Henry Treffry Dunn later reported that he had provided DGR with the initial inspiration for calling the magic crystal a “Beryl-stone.” A Cheyne Walk acquaintance of DGR and Dunn claimed to possess the seeing stone of the London magician, Dr. John Dee. Dunn was able to view the stone, and he related what he had seen to DGR. The poet immediately seized upon the possibilities contained within the word “Beryl,” explaining: “It is better than crystal in every way; it is more rhythmical, and has a greater seeming of mysticism in its sound. Moreover, it is one of the mystic stones named in Revelations” (Dunn, Recollections 63).

“Rose Mary” has various debts to the tradition of gothic fiction. In particular, the story owes some of its supernatural weirdness to the tales of E. T. A. Hoffman. DGR's correspondence indicates that he also had in mind certain scenes of clairvoyance which he had once read in the anthropological and literary works of the Orientalist Edward William Lane. Especially pertinent are Lane's translation of the Arabian Nights and his famous study, An Account of the Manners and Customs of the Modern Egyptians (1836) ( Fredeman, Correspondence, 71. 151 ). Much closer to his immediate circle, Christina Rossetti's “Goblin Market” tells an analogous story. However, “Rose Mary” is by far most indebted to the tradition of the literary ballad, especially as practiced by Coleridge and Poe. Coleridge's “Christabel” is probably the single most important work standing behind DGR's strange ballad, which seems an effort to complete Coleridge's famous fragment, in several senses.

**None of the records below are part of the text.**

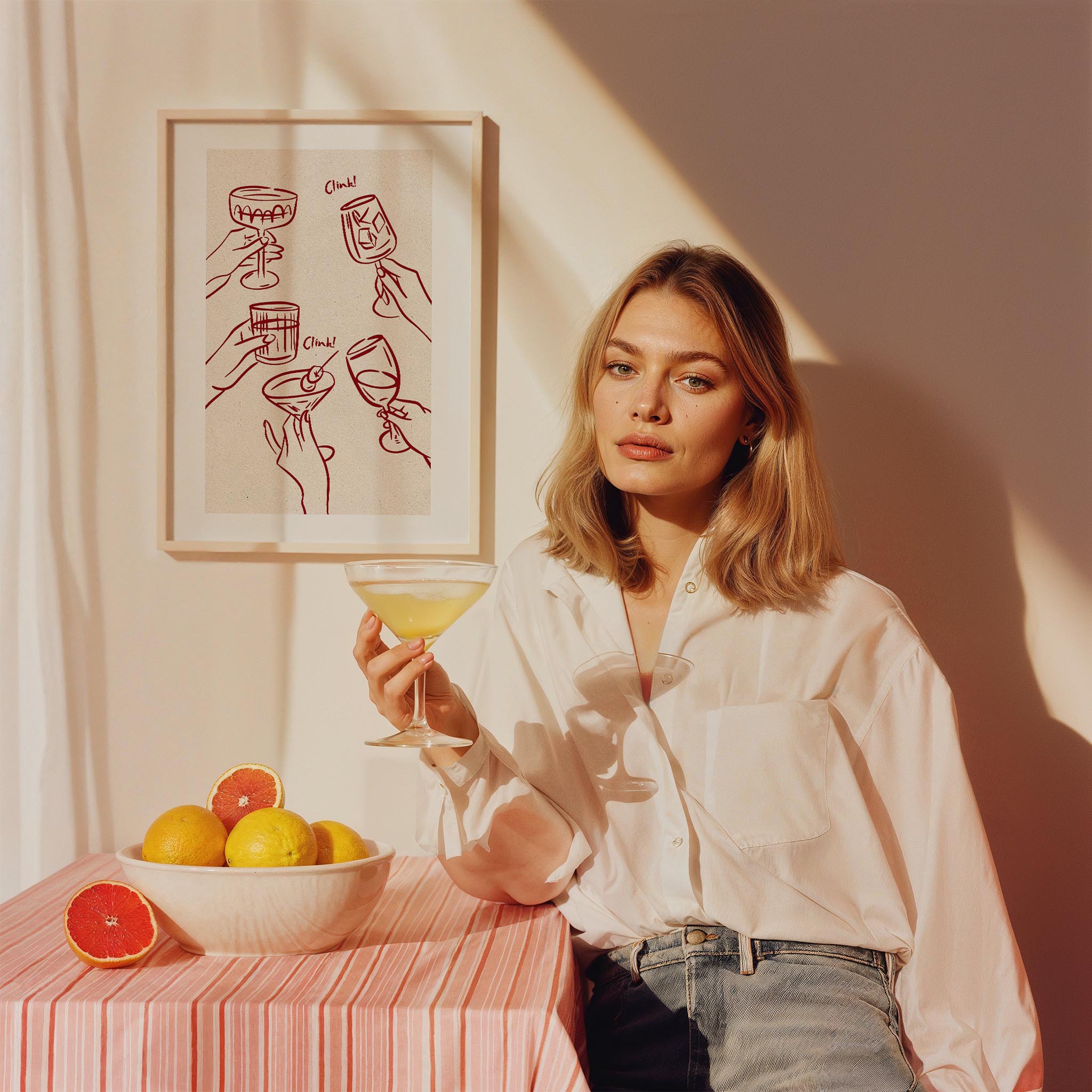 Cheers Tipografi Kokteyller Mutfak Duvar Tablosu II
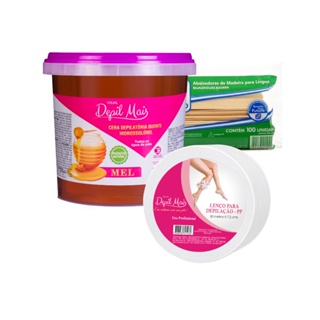 Kit Cera Depilatória Quente Depil Mais 1300g+Papel rolo 50m 80gr 50mx7,2cm+abaixador madeira 100un em Oferta na Shopee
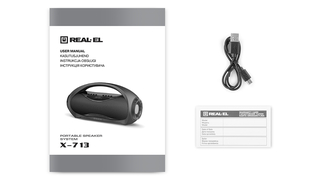 Колонка REAL-EL X-713 Black (12Вт,Bluetooth, FM, USB,microSD,AUX,1800mA), фото №3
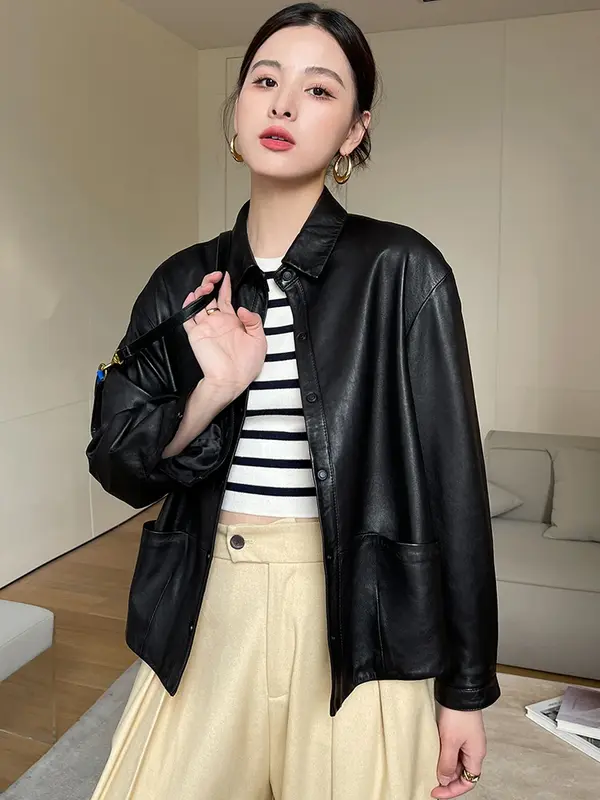Simple Black Genuine Leather Jacket for Women Autumn 2024 New Loose-fit Casual Shirt Collar Soft Real Sheepskin Coat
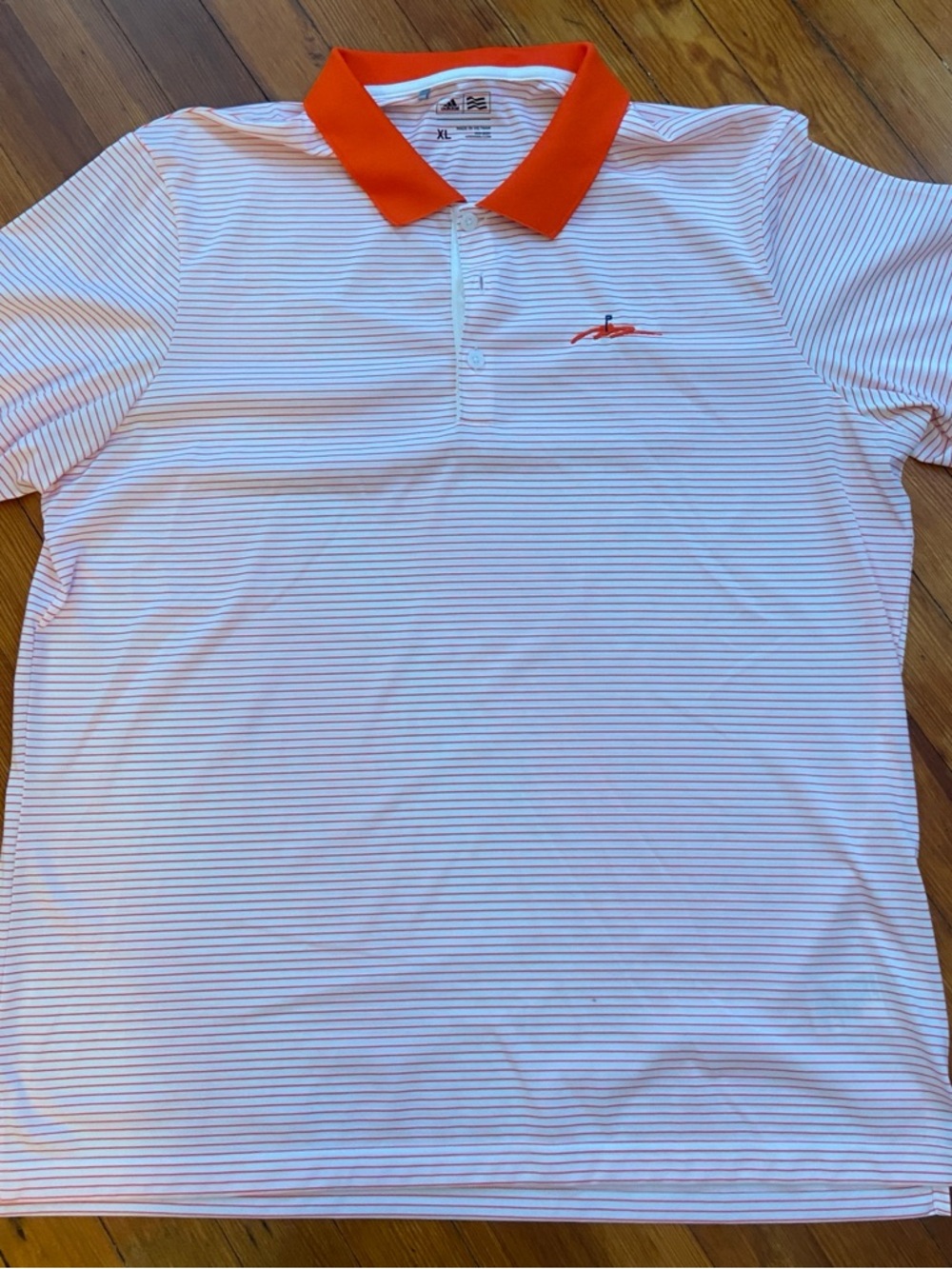 Adidas Men’s Orange and White Polo Golf Shirt with Orange Collar - size XL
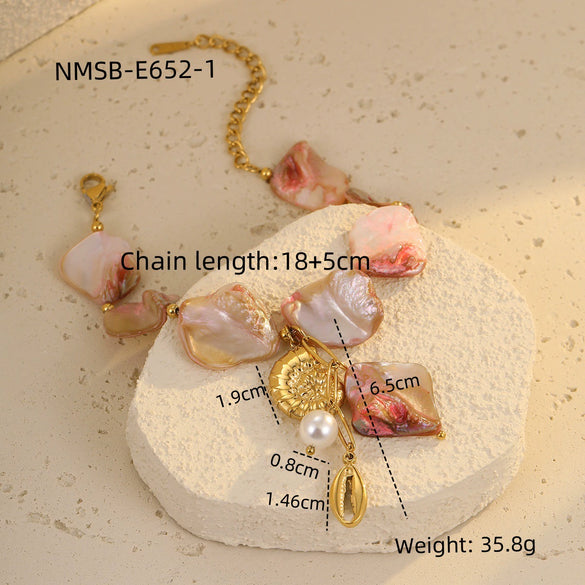 Jewelry Stainless Steel Ocean Series Geometric Shell Starfish Electroplated For Women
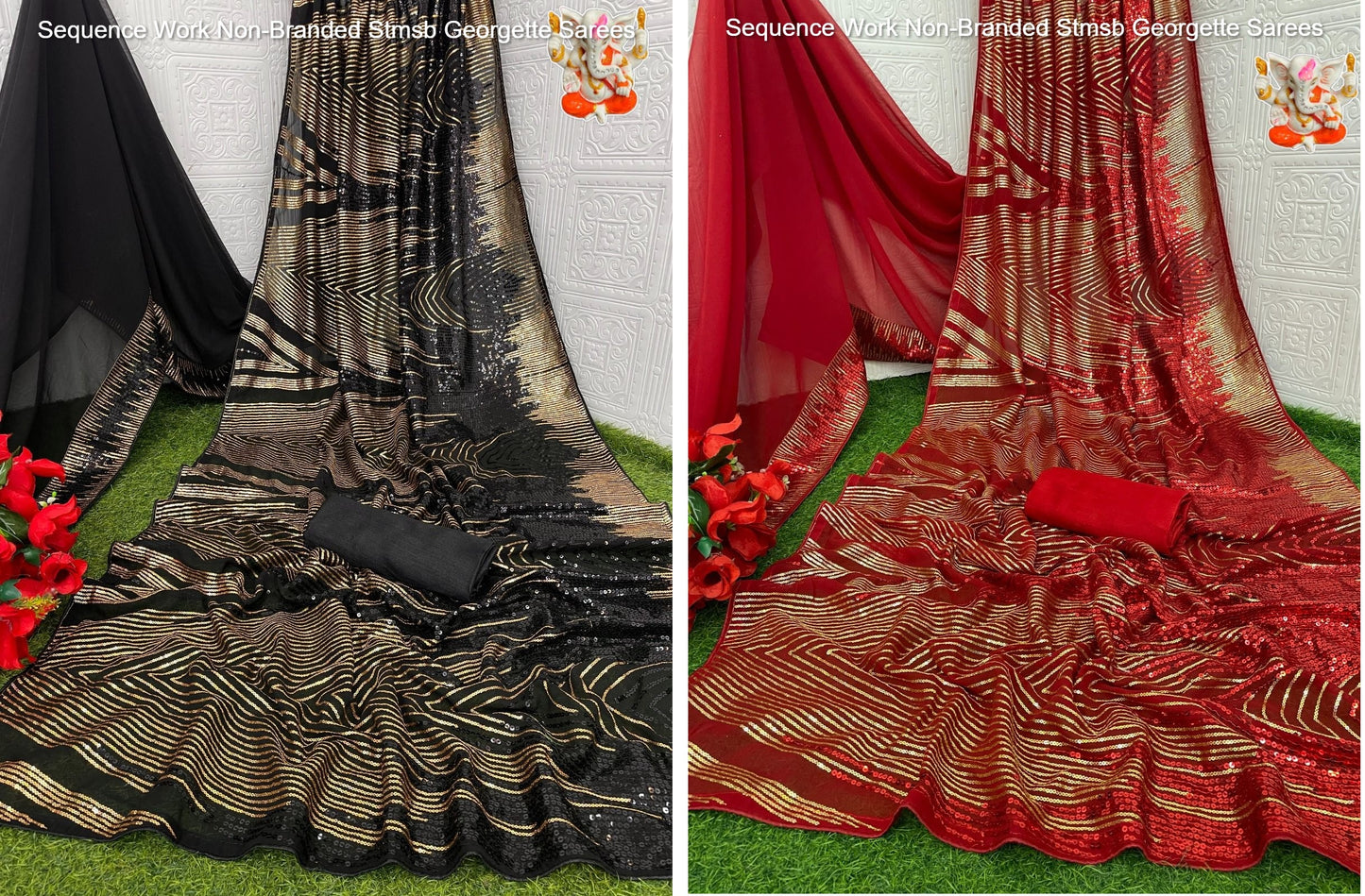 Sequence Work Non-Branded Stmsb Georgette Sarees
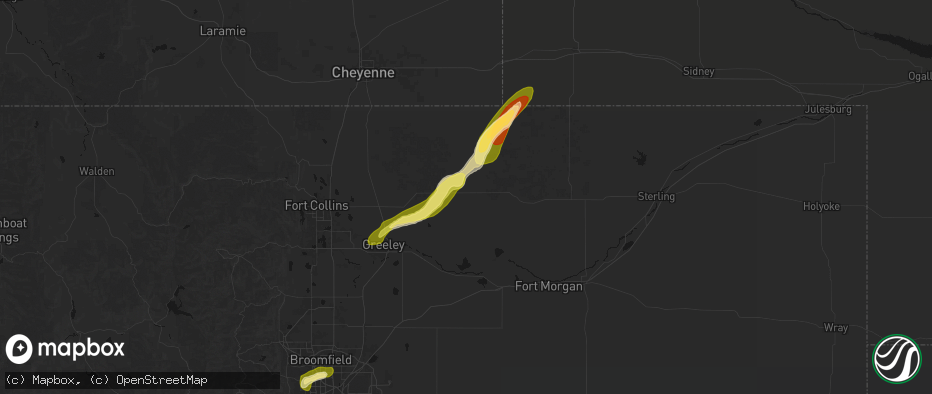Hail map in Briggsdale, CO on June 26, 2026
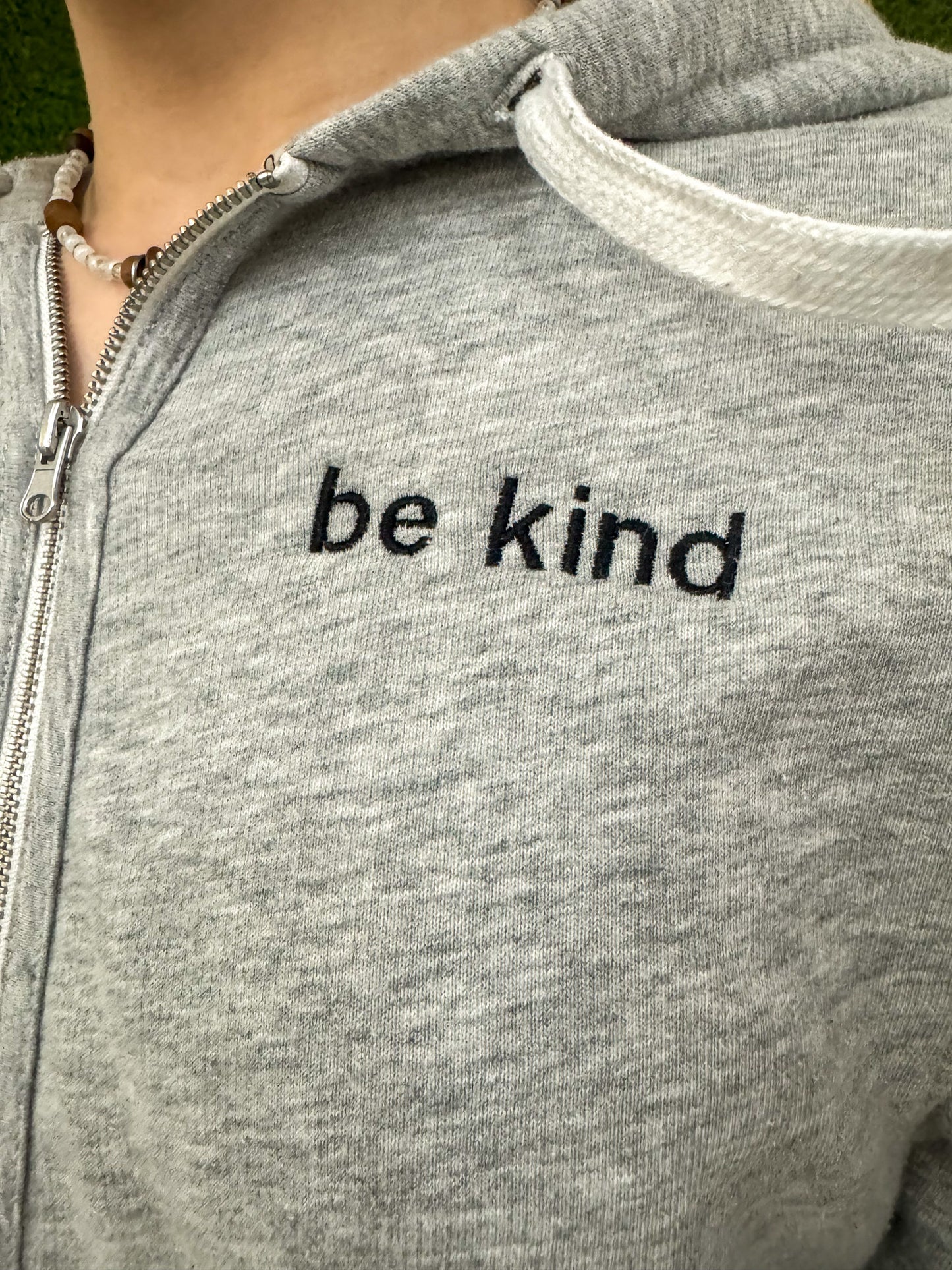 Be Kind Grey Zip Up Hoodie M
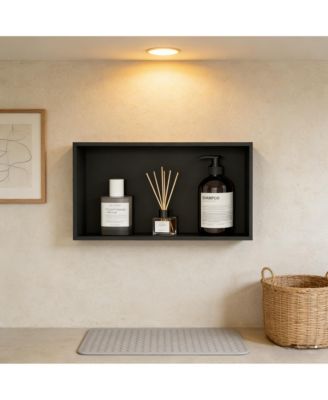 Modern Matte Black Stainless Steel Shower Niche - 24" x 12" Recessed Wall Shelf - Installs Without Tile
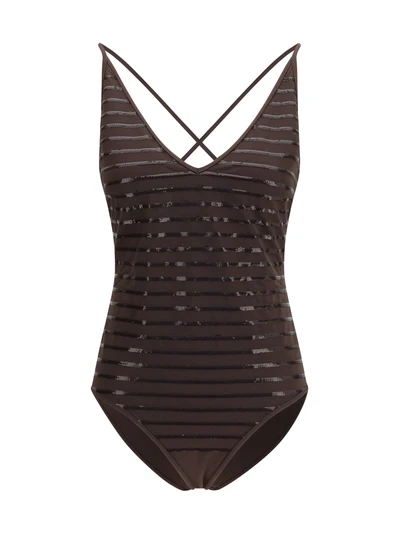 shimmering striped one-piece swimsuit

The name of Rose Mary's unfaithful lover, Sir James of Heronhaye, recalls the name of the hero of DGR's earliest published work, —Sir Hugh the Heron (1841). Both works deal with those preoccupying Rossettian subjects, love and clairvoyance. The similarities end at that point, however.

Autobiographical

DGR accomplished “Rose Mary” during the happy summer of 1871, which he spent at Kelmscott with Jane Morris and her children. The critics' welcoming reception of DGR's Poems (1870) had buoyed his confidence in his poetic powers. DGR confided as much to Ford Madox Brown, declaring: “I wish one could live by poetry. I think I'd see painting d—d if one could” (see his letter of 7 September 1871, Fredeman, Correspondence, 71.140 ). The ambitious scope of “Rose Mary,” along with DGR's rapid completion of it, attests to his sunnier spirits and renewed energies. However, the first inklings of Robert Buchanan's intentions had already begun to cast their dark cloud, and in October—only a few weeks after he had completed his ballad—the Contemporary Review published Buchanan's attack on DGR and his circle, “The Fleshly School of Poetry.”.